Assistant Appellate Defender Robert M. Dudek, Office of Appellate Defense, of Columbia, for Appellant.

Attorney General Henry Dargan McMaster, Chief Deputy Attorney General John W. McIntosh, Assistant Deputy Attorney General Salley W. Elliott, Senior Assistant Attorney General Harold M. Coombs, Jr., Office of the Attorney General, of Columbia; and Solicitor Jerry W. Peace, of Greenwood,  for Respondent.

PER CURIAM:  Latoya Deveaux was indicted for contributing to the delinquency of a minor and committing or attempting to commit a lewd act upon a child under the age of sixteen.  The State dropped the lewd act charged prior to trial.  Deveaux was tried before a judge on the contributing to the delinquency of a minor charge.  The trial court found Deveaux knowingly and wilfully encouraged, aided, and influenced Heather Barnes to become incorrigible and ungovernable or habitually disobedient beyond the control of her parents.  In addition, the trial court found Deveaux knowingly and wilfully encouraged, aided, and influenced Barnes to deport herself so as to endanger her morals.  Accordingly, the trial court found Deveaux guilty.  We affirm.

1.       We find no error in the trial court’s refusal to quash the indictment on the basis of selective prosecution. In order for a defendant to establish a claim for selective prosecution the defendant must show: (1) He or she was singled out for prosecution, while others similarly situated were not prosecuted and (2) The government’s selective prosecution was based upon an impermissible ground such as race, religion, or exercise of the defendant’s first amendment right to free speech.  State v. 192 Coin-Operated Video Game Mach., 338 S.C. 176, 200, 525 S.E.2d 872, 885 (2000) (quoting United States v. Catlett, 584 F.2d 864, 866 (8th Cir. 1978)).  Deveaux failed to present evidence at trial that she was singled out for prosecution. 

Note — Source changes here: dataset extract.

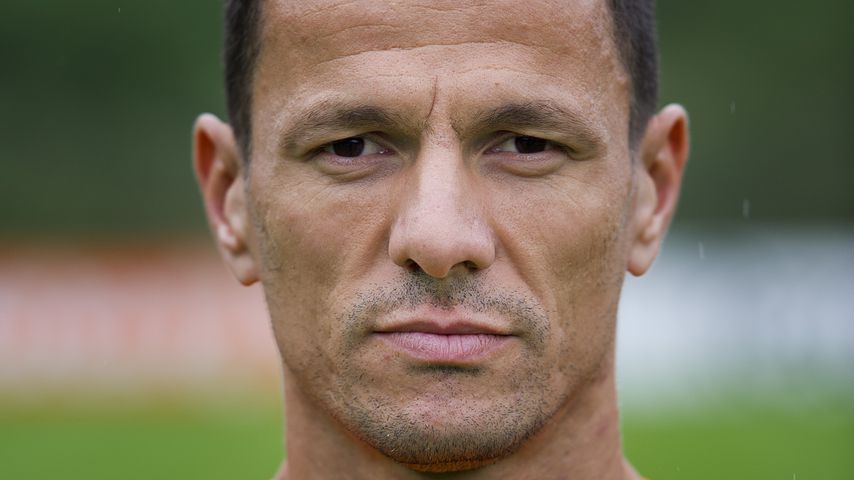 Khalid Boulahrouz beim Training der Niederländischen Fußballnationalmannschaft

2.       We find no error in the trial court’s denial of Deveaux’s request for a directed verdict and for a new trial.  “Where there is any evidence tending to prove the guilt of the accused, or from which his guilt may be fairly and logically deduced, the refusal to direct a verdict or grant a new trial is not error.”  State v. Poindexter, 314 S.C. 490, 493, 431 S.E.2d 254, 255-56 (1993).  Deveaux was eighteen years of age when she became involved with Barnes, who was fourteen.  Deveaux does not dispute she left school during school hours with Barnes.  In addition, the State presented the testimony of Barnes and her parents in which they stated Barnes became disobedient toward her parents as a result of her relationship with Deveaux. 

AFFIRMED.

ANDERSON, HUFF, and WILLIAMS, JJ., concur.